Judge of the High Court
- Incumbent
- Assumed office 2 December 2019
- Nominated by: Government of Ireland
- Appointed by: Michael D. Higgins

Personal details
- Born: Longford, Ireland
- Education: University College Galway; Law Society of Ireland;

= Mark Heslin =

Irish judge

Mark Heslin is an Irish judge and lawyer who has served as a Judge of the High Court since December 2019. He was formerly a litigation solicitor at a commercial law firm.

== Early life ==
Heslin was born in Longford, County Longford, to Noel and Máiréad Heslin. He received his primary school education from Ballinalee National School and Melview National School, and attended secondary school at St. Mel's College and Rockwell College. He studied law at University College Galway and served a term as the auditor of the Literary and Debating Society. He subsequently studied at the Law Society of Ireland and was admitted to the Role of Solicitors in 1995.

== Legal career ==
He started his career at Beauchamps Solicitors in Dublin. He was a senior partner in the firm in litigation, with particular expertise on commercial disputes in the Irish courts. He advised on a wide range of law and his clients included Allied Irish Banks and the National Asset Management Agency.

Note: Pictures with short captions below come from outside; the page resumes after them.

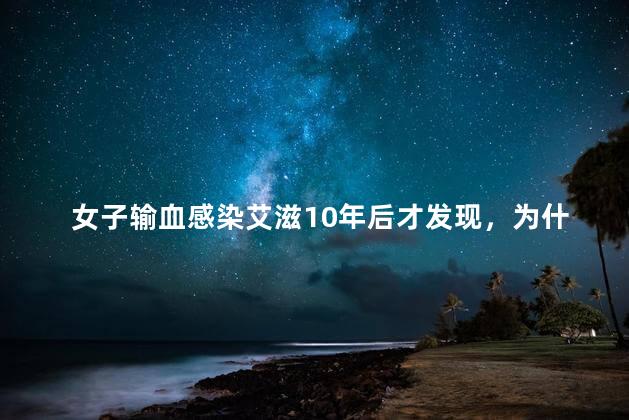 女子输血感染艾滋10年后才发现，为什么输血感染艾滋10年后才发现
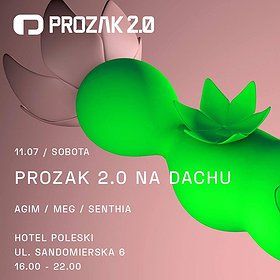 Prozak 2.0 Na Dachu x AGIM x Hotel Poleski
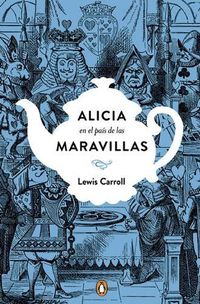 Cover image for Alicia en el pais de las maravillas. Edicion conmemorativa  / Alice's Adventures   in Wonderland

During his time as a solicitor, he was a contributor to academic journals and tutored classes at the Law Society.

In 2012, he argued against the televising of court cases in Ireland.

== Judicial career ==
Heslin was appointed to the High Court in December 2019. He is the first High Court judge to come from Longford.

He has presided over cases involving judicial review, injunction applications, insolvency law, and commercial disputes. In January 2020, he overturned a decision of An Bord Pleanála which had refused permission for the development of a Narconon facility in County Meath.